■ **Instructions to follow**
Your response to the data below should hold nothing except the lines from the one containing "Yeokou Women's Plaid" down to the one containing "Großbritannien: 1850/1940 (ca.), Mainly", reproduced exactly and without pictures.

■ **The records**
○ ○ ○ ○
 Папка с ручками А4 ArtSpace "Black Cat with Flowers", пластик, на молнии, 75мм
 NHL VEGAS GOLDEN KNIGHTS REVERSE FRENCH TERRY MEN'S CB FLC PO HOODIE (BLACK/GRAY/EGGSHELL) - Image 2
○ ○ ○ ○
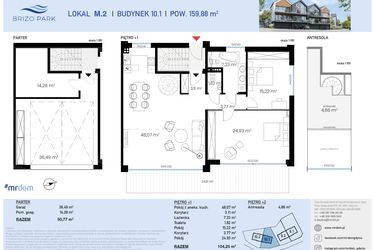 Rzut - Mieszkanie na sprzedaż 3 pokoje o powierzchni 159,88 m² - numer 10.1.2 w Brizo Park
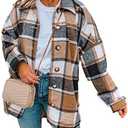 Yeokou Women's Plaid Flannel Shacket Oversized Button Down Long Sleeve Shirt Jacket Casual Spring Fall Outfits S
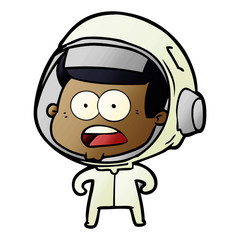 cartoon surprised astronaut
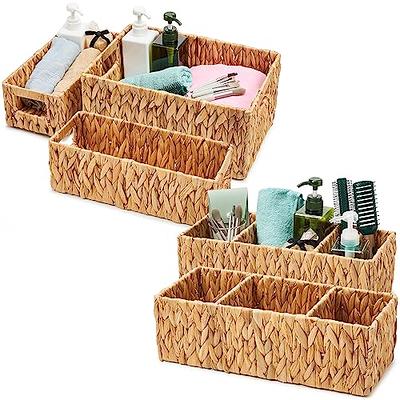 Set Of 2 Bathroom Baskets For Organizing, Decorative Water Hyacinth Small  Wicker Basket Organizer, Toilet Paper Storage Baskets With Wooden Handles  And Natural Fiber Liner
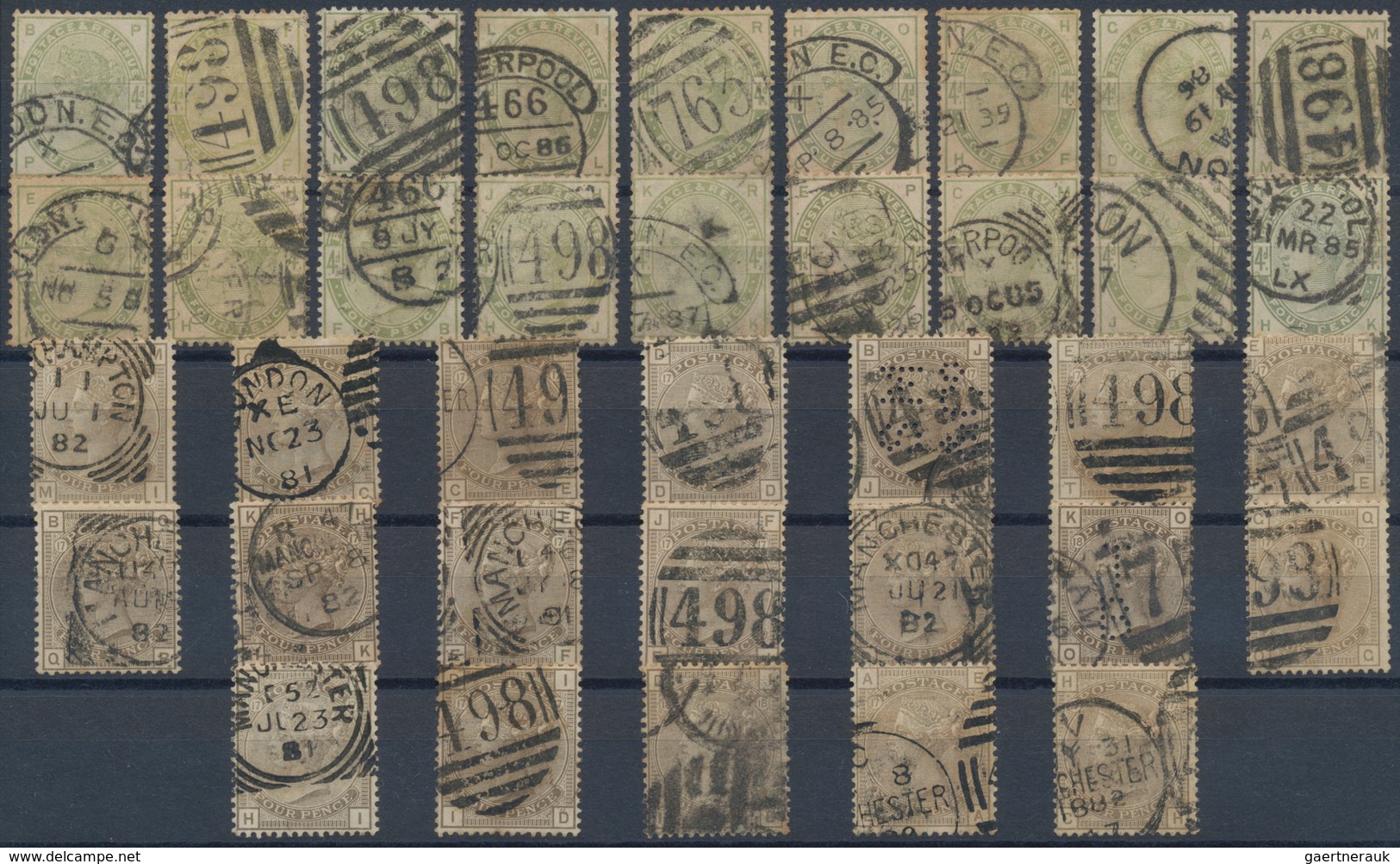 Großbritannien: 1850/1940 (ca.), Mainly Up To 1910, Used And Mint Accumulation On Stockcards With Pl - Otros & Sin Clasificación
○ ○ ○ ○
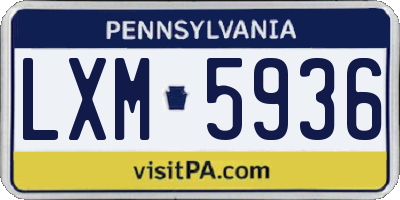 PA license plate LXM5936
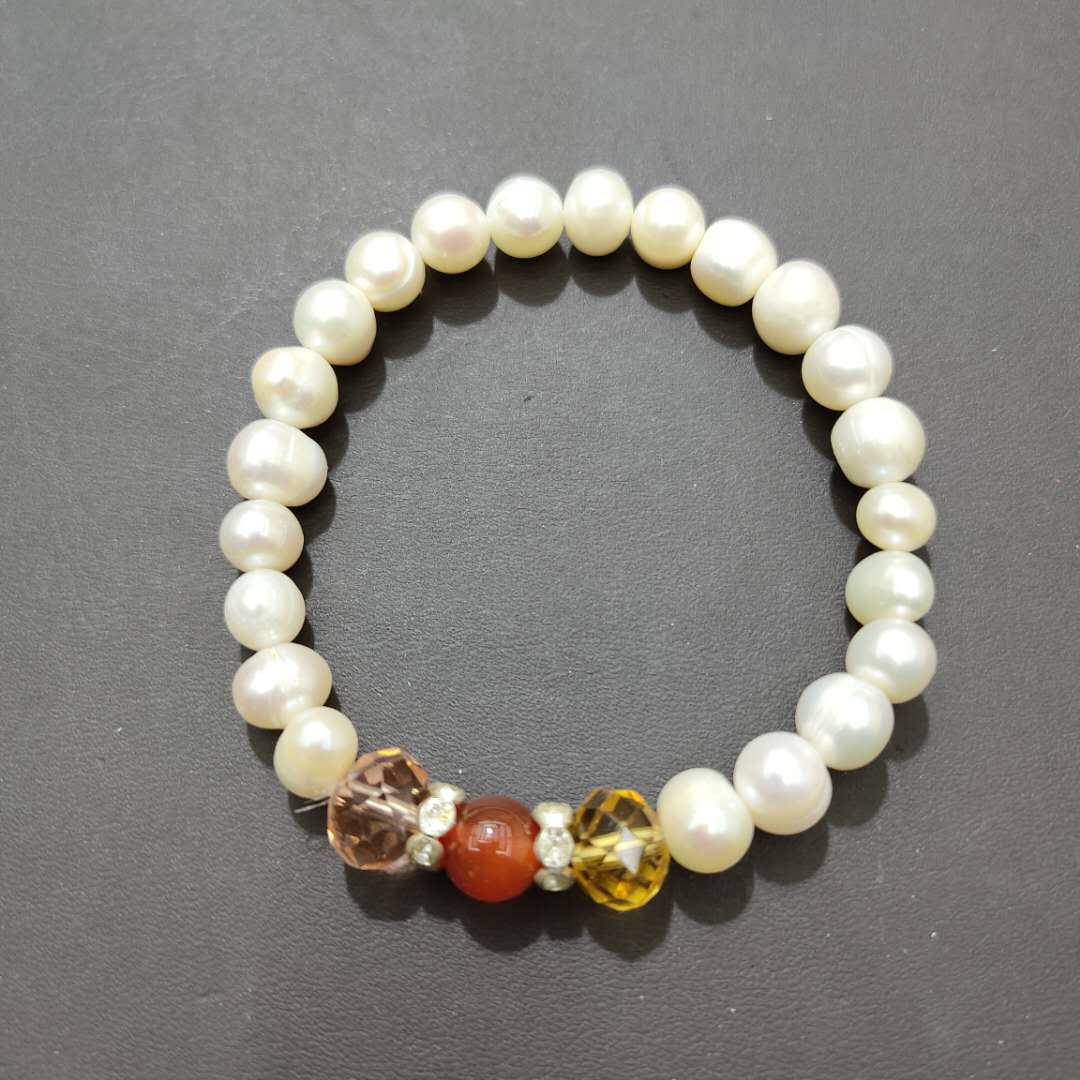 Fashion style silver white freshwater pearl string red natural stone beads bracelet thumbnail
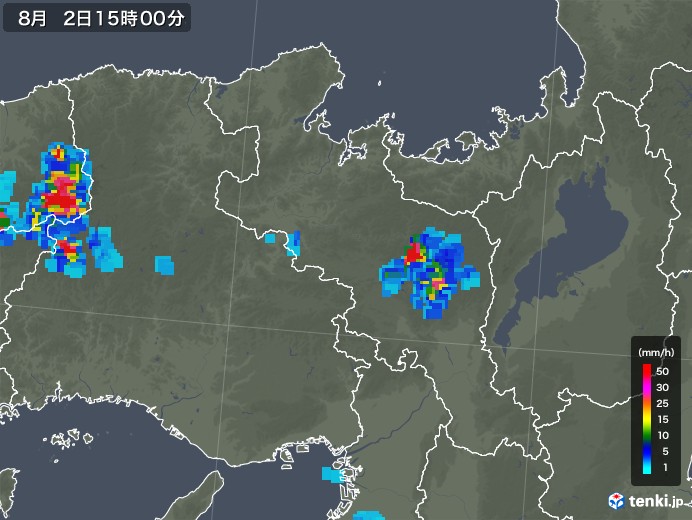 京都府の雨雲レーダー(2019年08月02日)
○ ○ ○ ○
■ **Finished exercise**
 Yeokou Women's Plaid Flannel Shacket Oversized Button Down Long Sleeve Shirt Jacket Casual Spring Fall Outfits S
 cartoon surprised astronaut
 Set Of 2 Bathroom Baskets For Organizing, Decorative Water Hyacinth Small  Wicker Basket Organizer, Toilet Paper Storage Baskets With Wooden Handles  And Natural Fiber Liner
 Großbritannien: 1850/1940 (ca.), Mainly Up To 1910, Used And Mint Accumulation On Stockcards With Pl - Otros & Sin Clasificación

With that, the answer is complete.